I did Winston Churchill yesterday, but there really should not be any politician on the banknotes of a monarchy. If there must be one, though, then it should be by far the most successful British politician in living memory, Queen Camilla, whose very title declares her astonishing ascent. She is at it again today, doing the #BelieveAllWomen line in the midst of the parliamentary progress of the Bill to abolish almost all trial by jury, even though rape will supposedly still be triable only by jury, and even though juries convicted in 76 per cent of rape cases. She may have access to information that was not in the public domain, she is a Privy Counsellor, and indeed a Counsellor of State alongside the man whom the Royal Family's own website still calls Prince Andrew.

One would have thought that both the famously bibliophile Queen, and the upper-middle-class gynocracy that was the Parliamentary Labour Party, would have raised enough objection to have kept Jane Austen on the tenner.

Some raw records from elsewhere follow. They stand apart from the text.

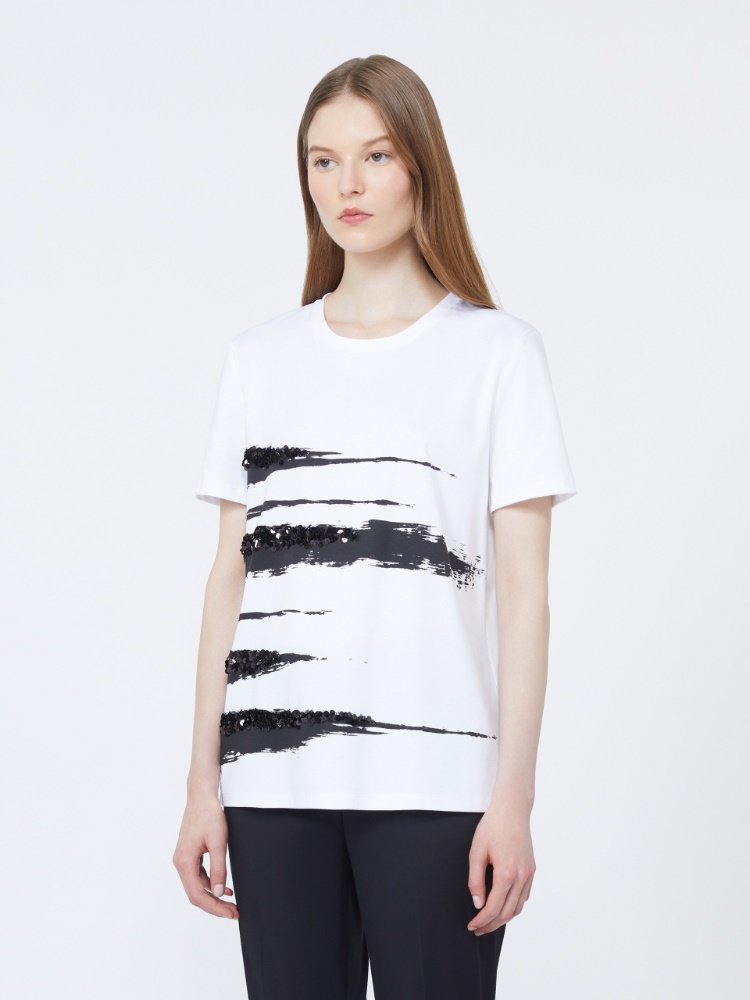 [ピアチェーレ] ピュア コットン ジャージー Tシャツ - OPTICAL WHITE003 - 2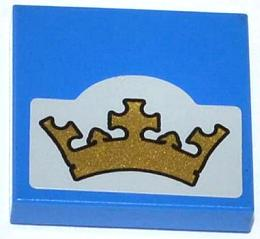 Part 3068pb0789 - Tile 2 x 2 with Gold Crown on Light Bluish Gray Background Pattern (Sticker) - Set 70404 - De BrickPlaats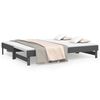 vidaXL Slaapbank uitschuifbaar 2x(80x200) cm massief grenenhout grijs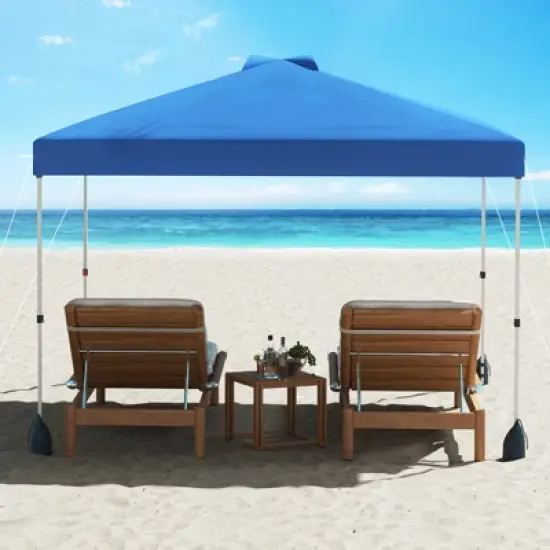 Tangkula 10 X 10 FT Pop up Canopy Tent w/ 1 Sidewall Wheeled Bag 8 Stakes & 4 Wind Ropes image {2}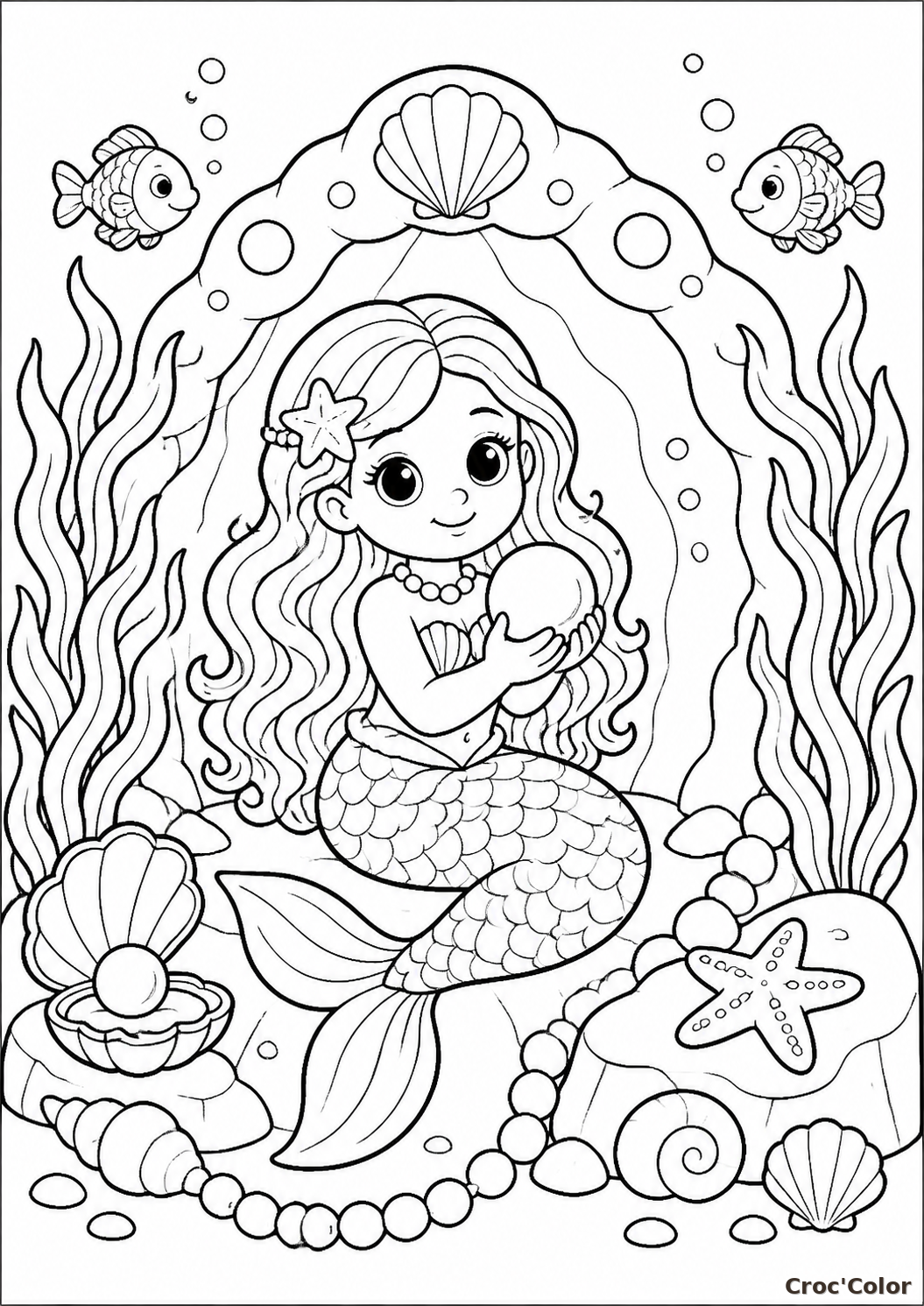 Coloriage Sirène et sa Perle Magique - Dessin Fond Marin à Imprimer Gratuit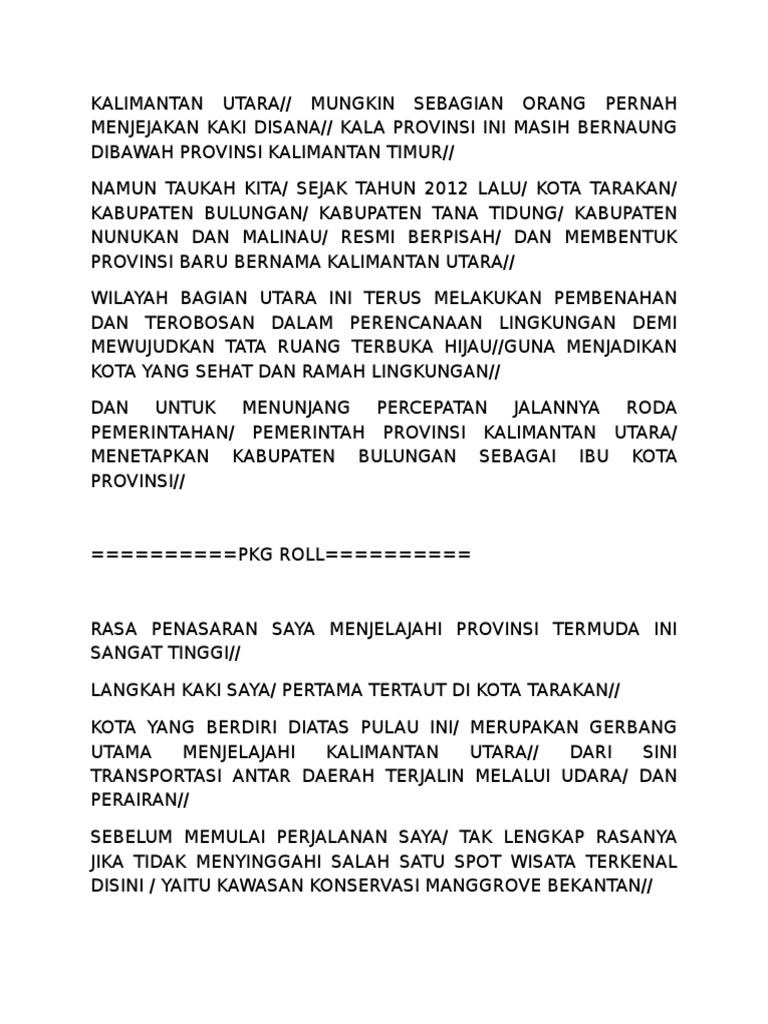 Contoh Naskah Feature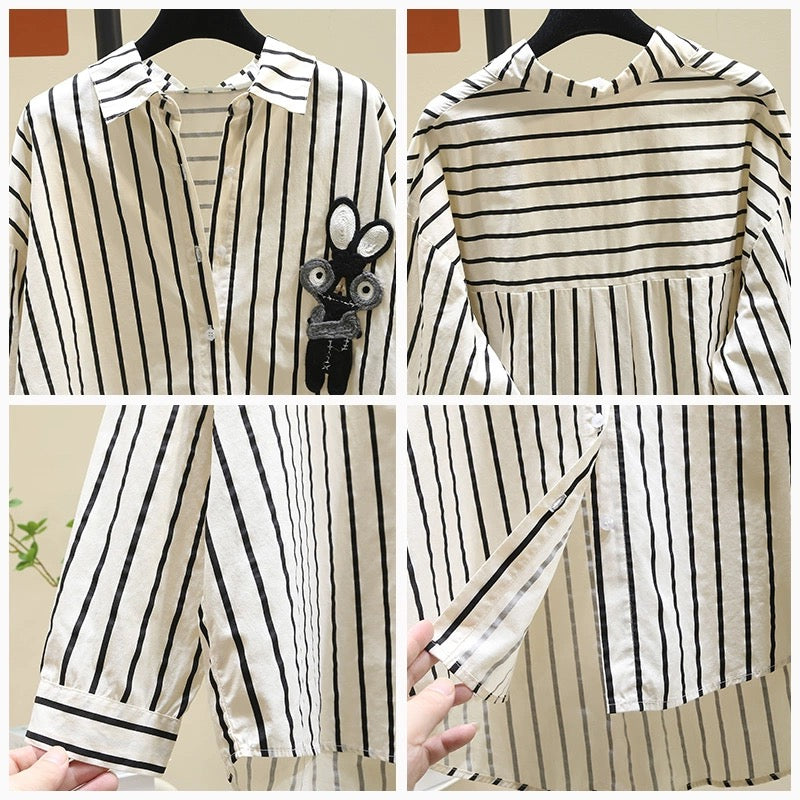 High-end mid-length black striped shirt for women 2024 spring new Korean loose design shirt tops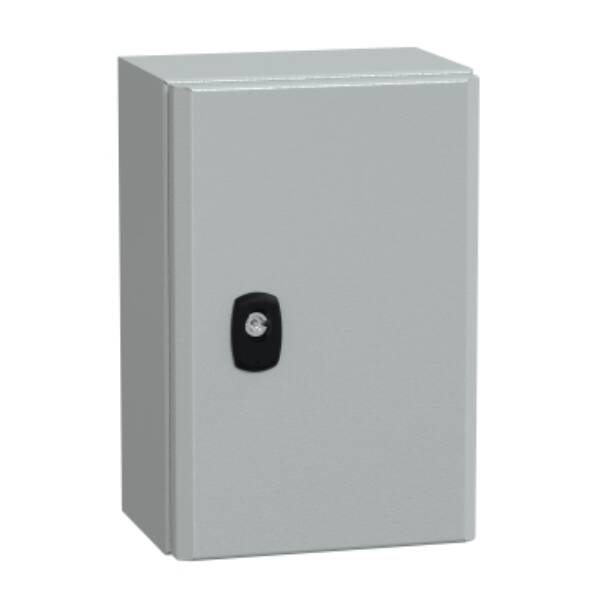 "Wall mounted steel enclosure, PanelSeT S3D, plain door, with mounting plate, 300x200x150mm, IP66, IK10" - Schneider Electric - NSYS3D3215P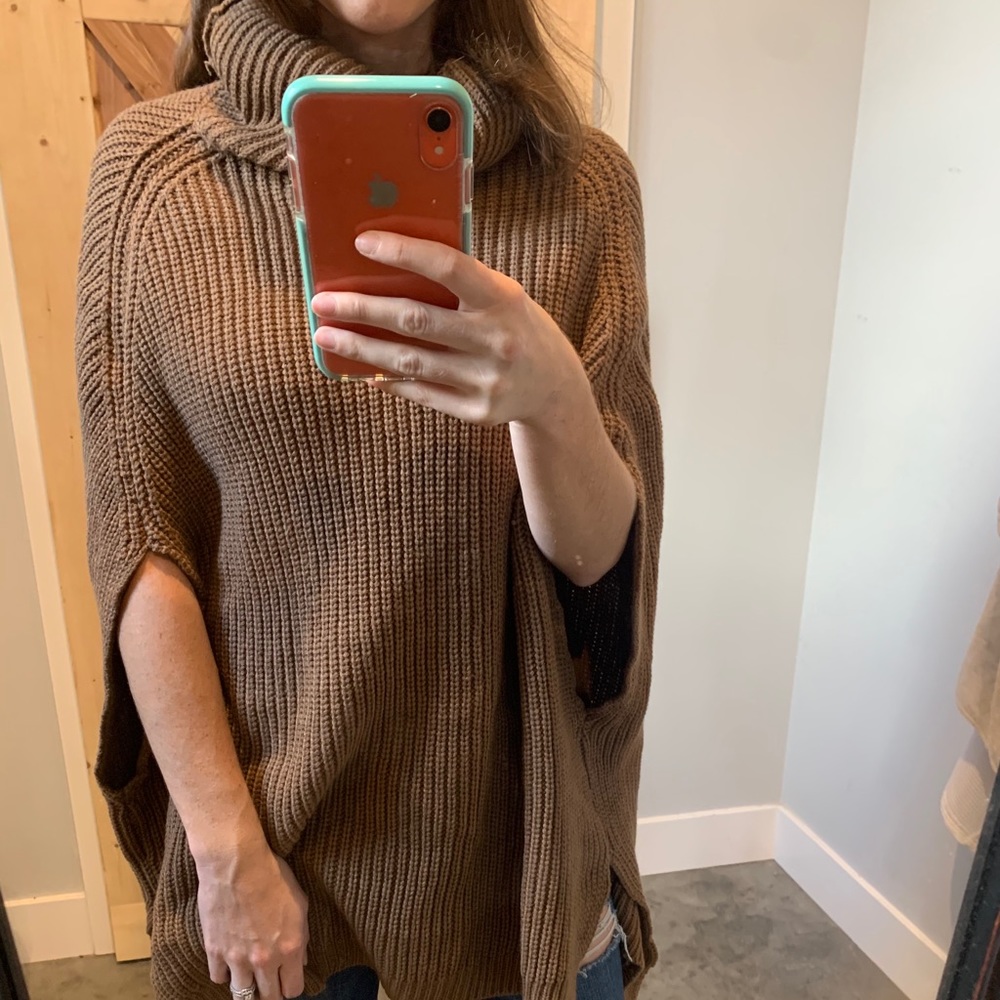 NEW Tunic Cape Knit Sweater Camel Color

On my stated principle, the sometime Robert Maxwell MP may be tricky. But the case for Jeffrey Epstein in unanswerable by or under a Government that had been appointed by Peter Mandelson last year, the year after Mandelson had handpicked the members of its Commons majority. That ought to enjoy crossparty support, since the Epstein Files named centrists, right-wing populists, right-wing elitists, and an anarcho-syndicalist libertarian socialist. At least unless Noam Chomsky would not vote either for the Green Party or for the Zarah Sultana wing of Your Party, then their proximity to his views and indeed to him should identify them as Epstein Class parties, and thus no more deserving of our votes than any of the others was.